WORK TO COMPLETE.
Could you restate the entries below word for word and leave the images out?

┌─ DATA FOR REVIEW

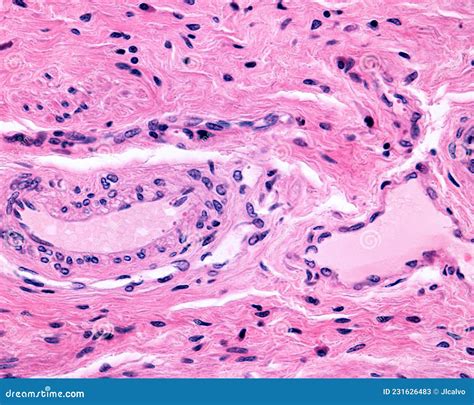 Arteriole And Venule Stock Illustration Illustration Of Histology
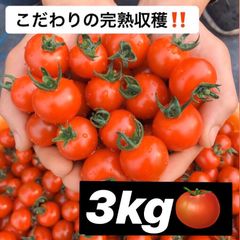 ☆メルカリ特別価格☆濃厚美味しいミニトマト 箱込み3kg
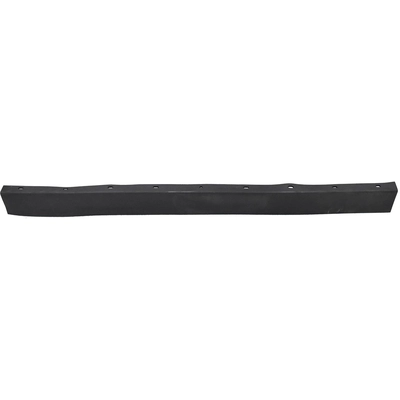 Front Bumper Molding - NI1044119 pa1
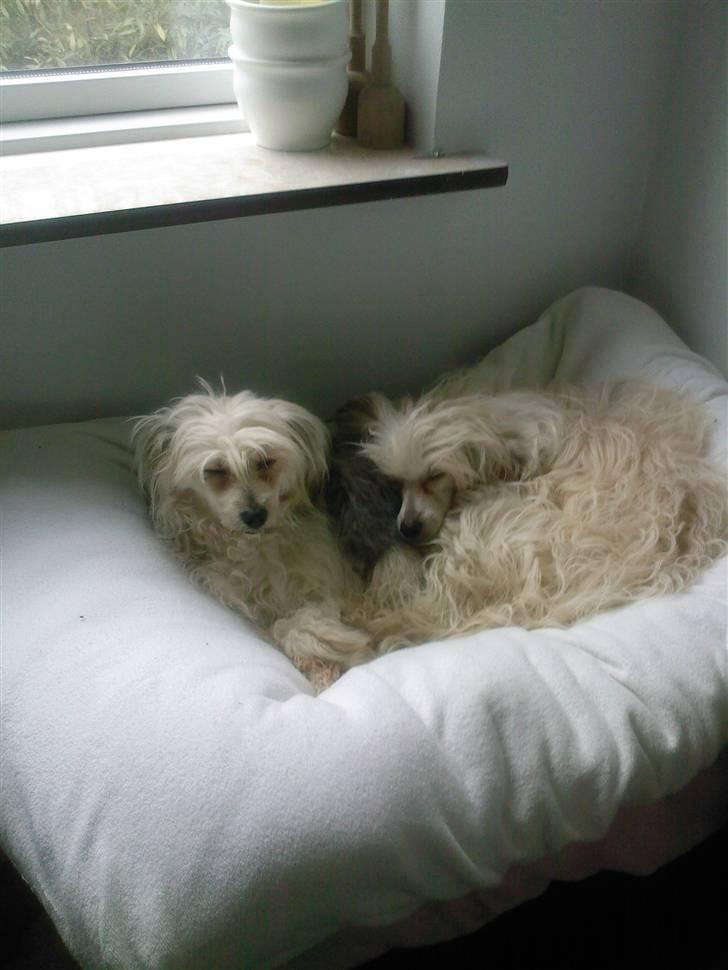 Chinese crested powder puff cola - Det er en god plads her ved vinduet billede 7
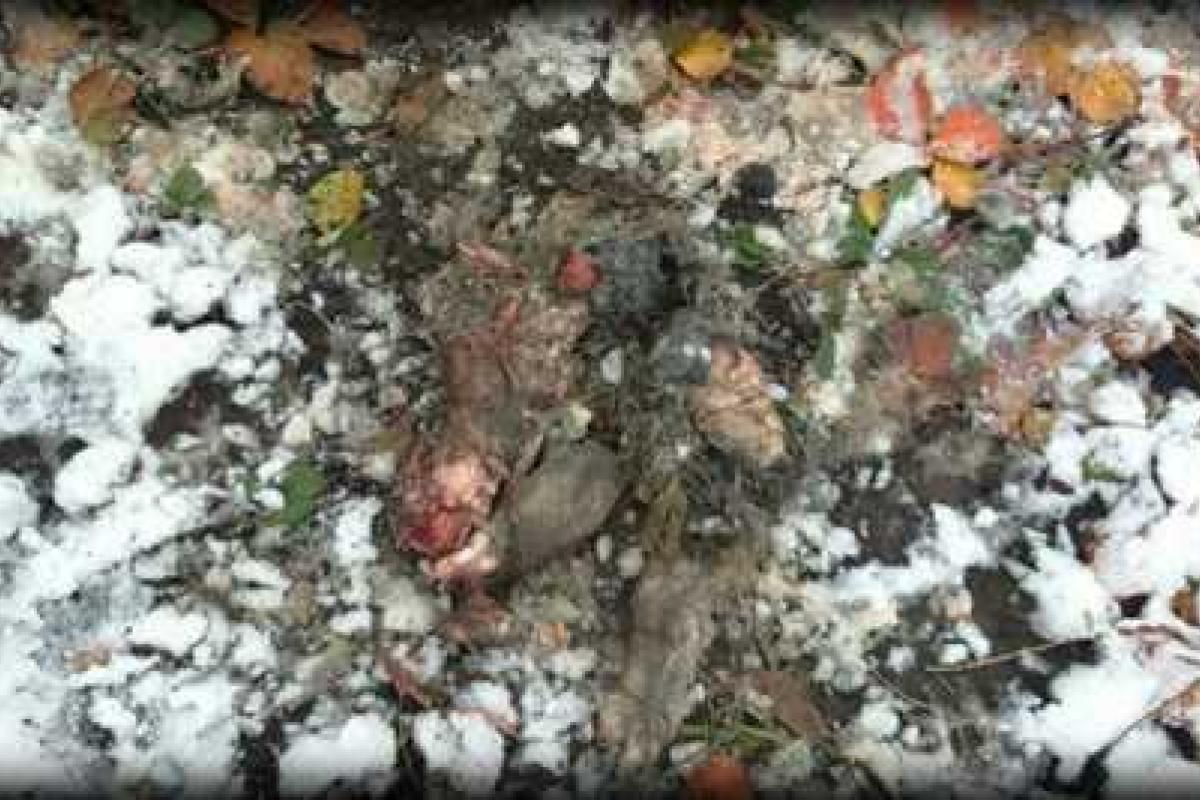 В Макеевке голодные волки нападают на людей В Макеевке голодные волки нападают на людей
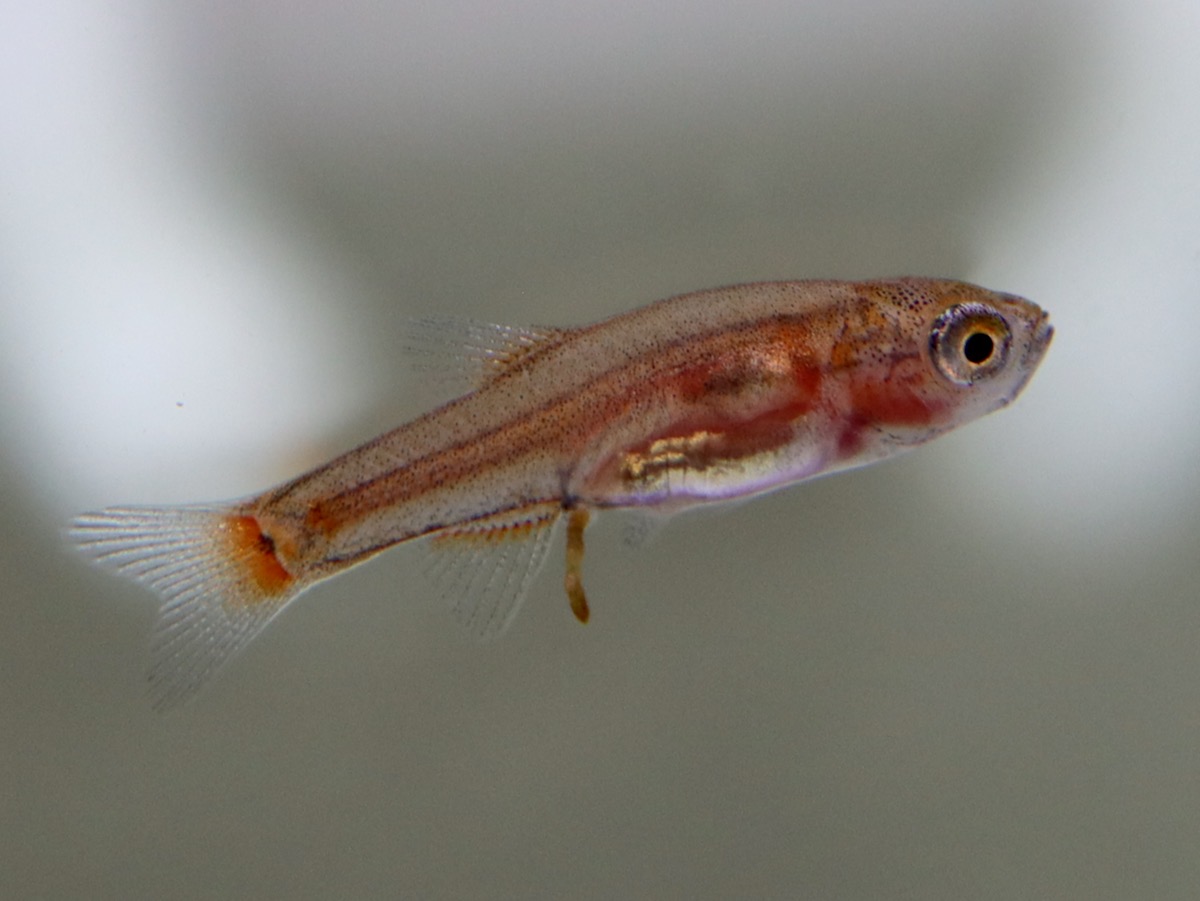 Danio erythromicron エリスロミクロン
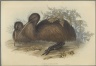 Apteryx Australis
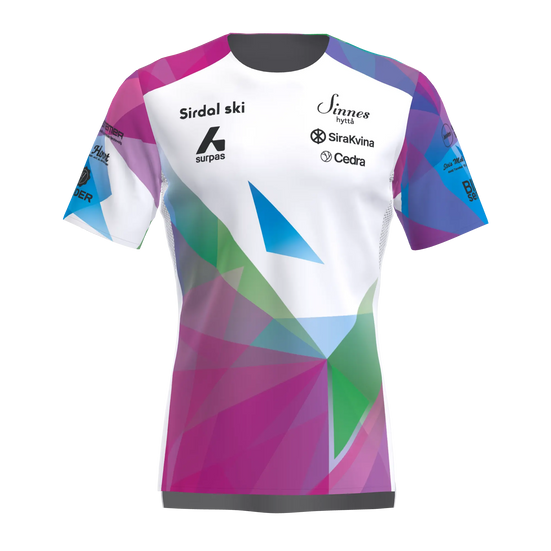 Stride T-Shirt SS Men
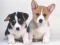 Igra Cute Puppies Puzzle online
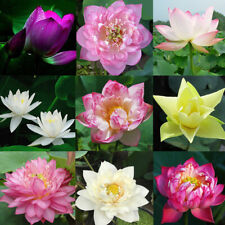 20pcs pack lotus for sale  Shipping to Ireland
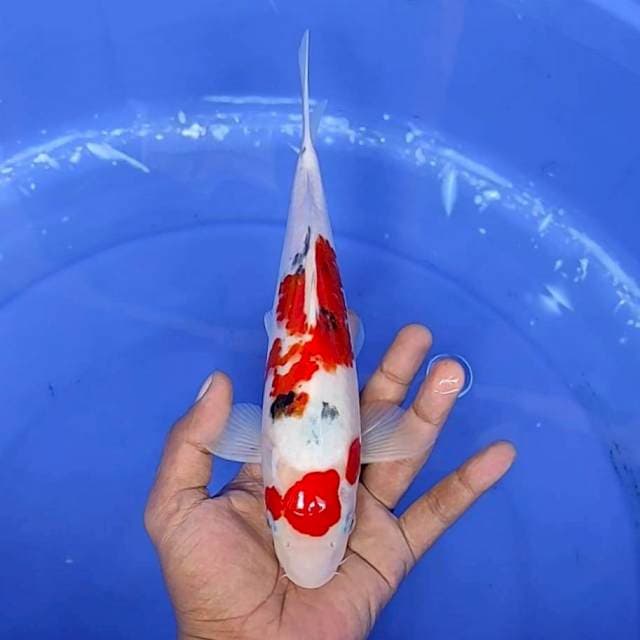 12. Sanke || 27 cm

└─

PROBLEM SOLUTION.
 Arteriole And Venule Stock Illustration Illustration Of Histology
 ☆メルカリ特別価格☆濃厚美味しいミニトマト 箱込み3kg
 Front Bumper Molding - NI1044119 pa1
 Chinese crested powder puff cola - Det er en god plads her ved vinduet billede 7
 В Макеевке голодные волки нападают на людей В Макеевке голодные волки нападают на людей
 Danio erythromicron エリスロミクロン
 Apteryx Australis
 Stride T-Shirt SS Men
 Igra Cute Puppies Puzzle online
 20pcs pack lotus for sale  Shipping to Ireland
 12. Sanke || 27 cm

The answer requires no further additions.